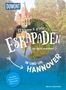 Marion Hahnfeldt: 52 kleine & große Eskapaden in und um Hannover, Buch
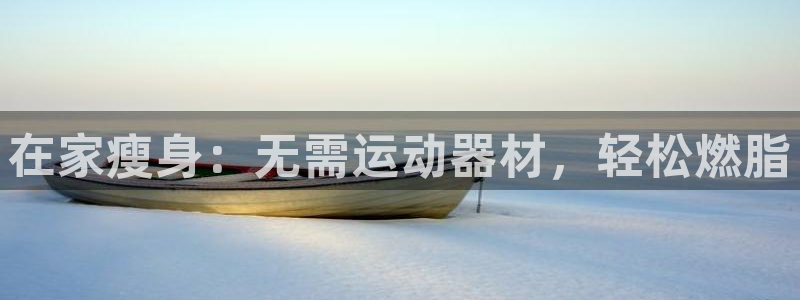 意昂3官网：在家瘦身：无需运动器材，轻松燃脂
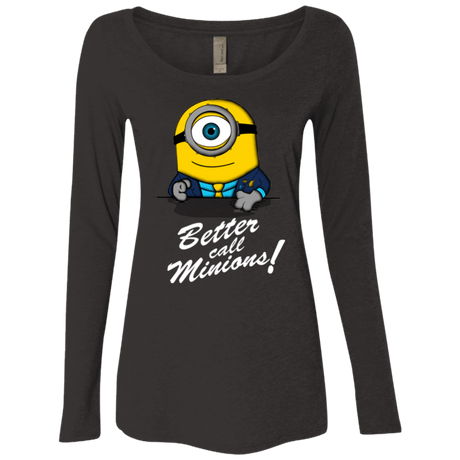 T-Shirts Vintage Black / Small Better Call Minons Women's Triblend Long Sleeve Shirt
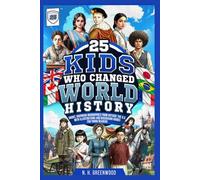 25 Kids Who Changed World History: Short, Inspiring Biographies from Outside the U.S. with Illustrations and Discussion Guides for Young Readers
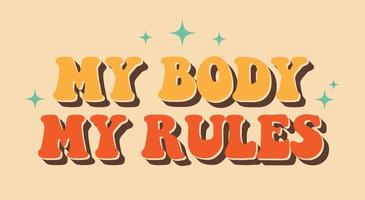 My body my rules phrase to support womens rights. Protest against abortation ban. Feminist quote in retro style, groovy print for graphic tee vector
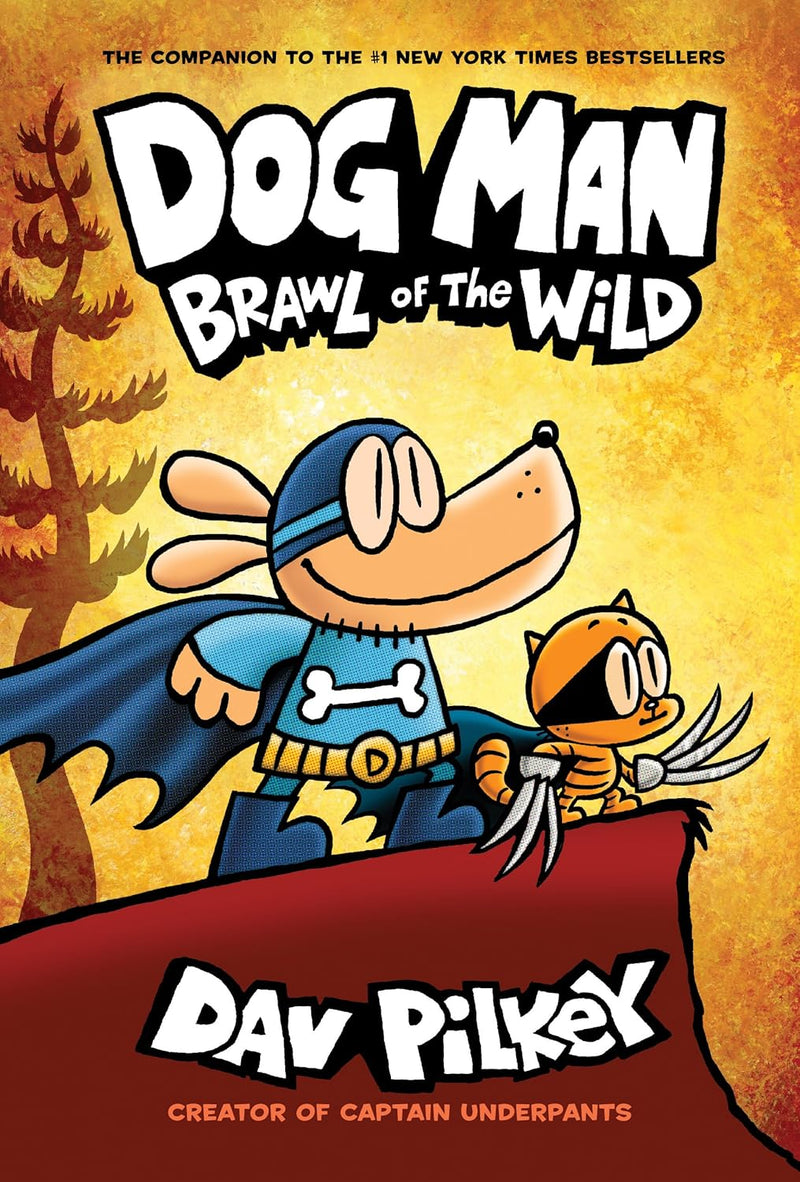 Dog Man: Brawl of the Wild: From the Creator of Captain Underpants by Dav Pilkey - Fiction - Hardback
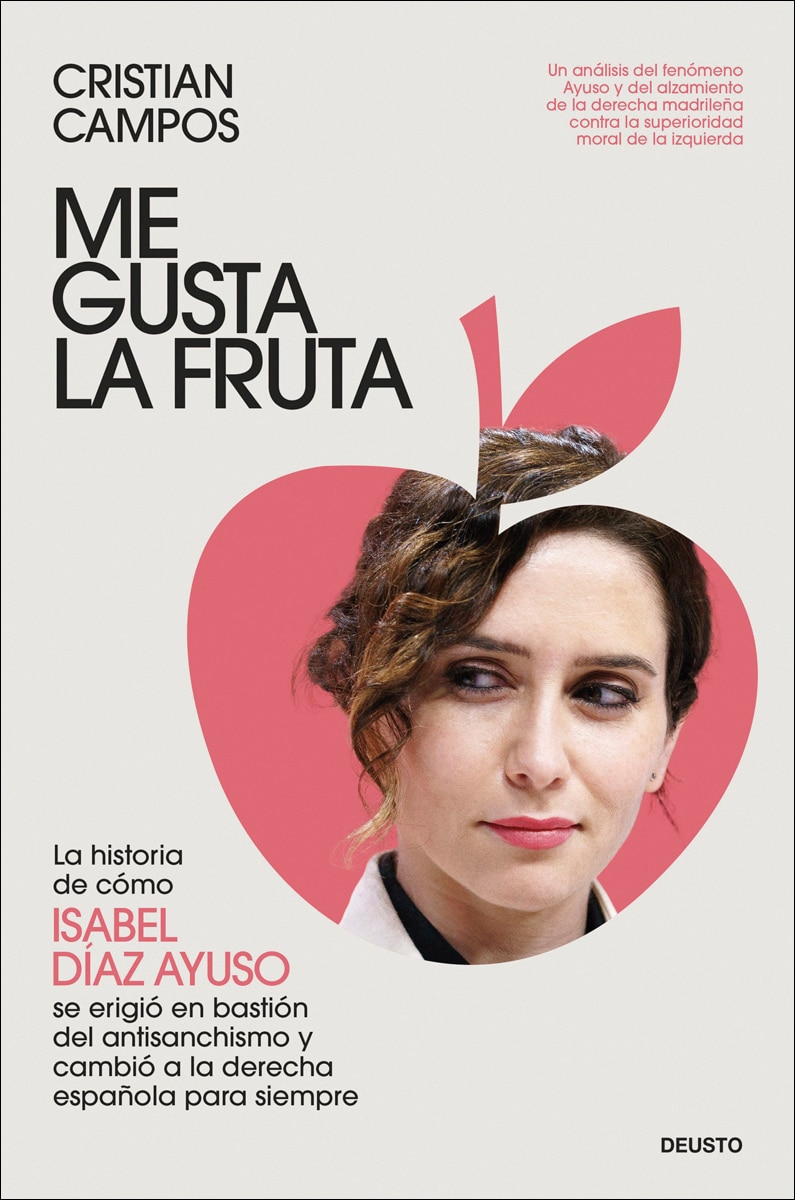 Imagem 0 de Me gusta la fruta: La historia de cómo Isabel Díaz Ayuso se erigió en bastión del antisanchismo y cambió a la derecha española p (Capa mole com abas)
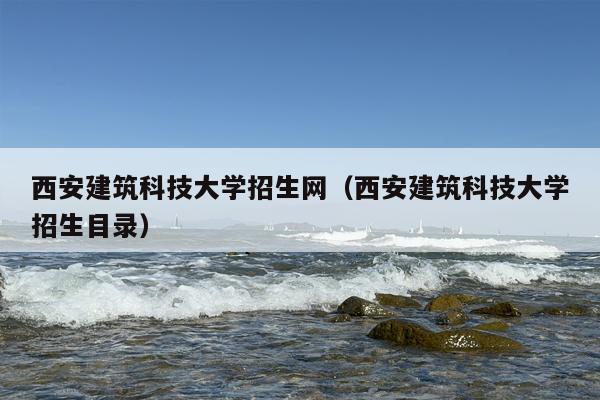 西安建筑科技大学招生网（西安建筑科技大学招生目录）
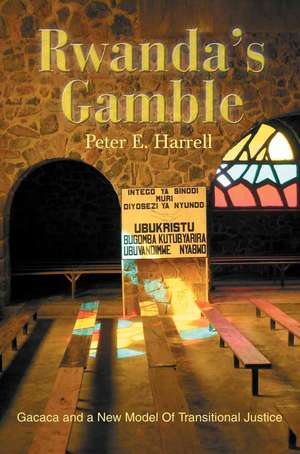 Rwanda's Gamble de Peter E. Harrell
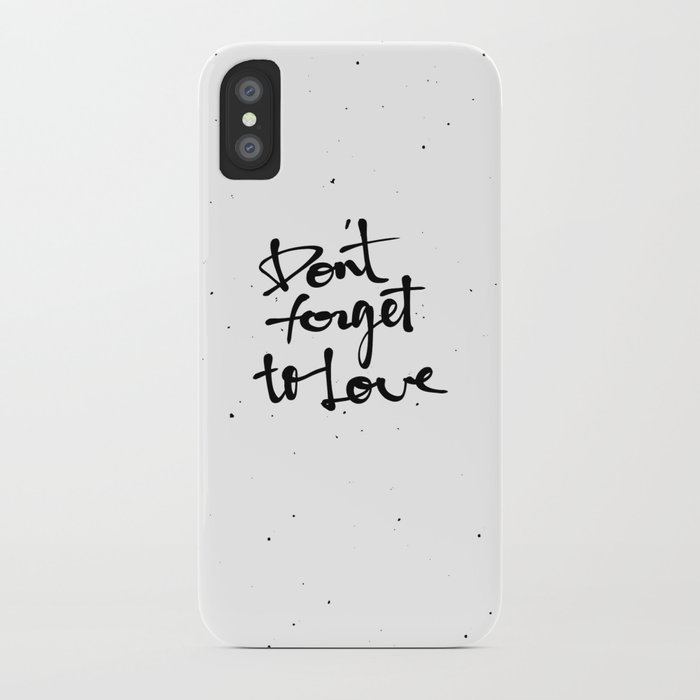 Don't forget to love iPhone Case
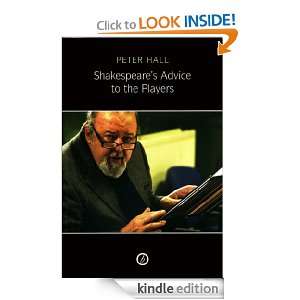  Advice to the Players Peter Hall  Kindle Store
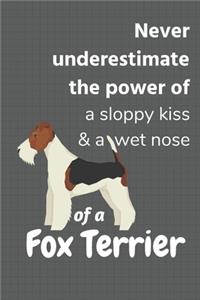 Never underestimate the power of a sloppy kiss & a wet nose of a Fox Terrier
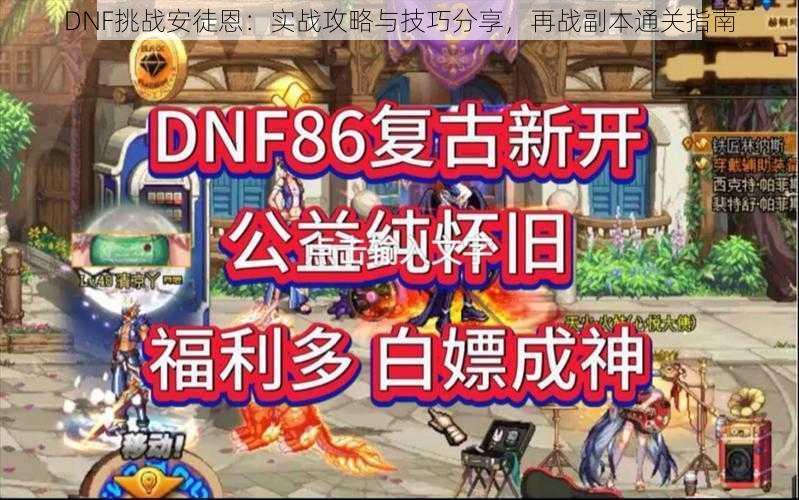 DNF挑战安徒恩：实战攻略与技巧分享，再战副本通关指南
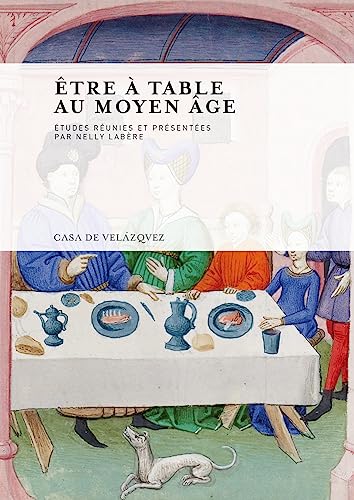 Etre a table au moyen age - Nelly Labere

-- -- --

Pictures stay out; all other material above is restated word for word.

 Marion Hahnfeldt: 52 kleine & große Eskapaden in und um Hannover, Buch
 意昂3官网：在家瘦身：无需运动器材，轻松燃脂
 T-Shirts Vintage Black / Small Better Call Minons Women's Triblend Long Sleeve Shirt
 25 Kids Who Changed World History: Short, Inspiring Biographies from Outside the U.S. with Illustrations and Discussion Guides for Young Readers
 My body my rules phrase to support womens rights. Protest against abortation ban. Feminist quote in retro style, groovy print for graphic tee vector
 Dog Man: Brawl of the Wild: From the Creator of Captain Underpants by Dav Pilkey - Fiction - Hardback
 Imagem 0 de Me gusta la fruta: La historia de cómo Isabel Díaz Ayuso se erigió en bastión del antisanchismo y cambió a la derecha española p (Capa mole com abas)
 西安建筑科技大学招生网（西安建筑科技大学招生目录）
 Rwanda's Gamble de Peter E. Harrell
 Don't forget to love iPhone Case
  Advice to the Players Peter Hall  Kindle Store
 Never underestimate the power of a sloppy kiss & a wet nose of a Fox Terrier
 DNF挑战安徒恩：实战攻略与技巧分享，再战副本通关指南
 Etre a table au moyen age - Nelly Labere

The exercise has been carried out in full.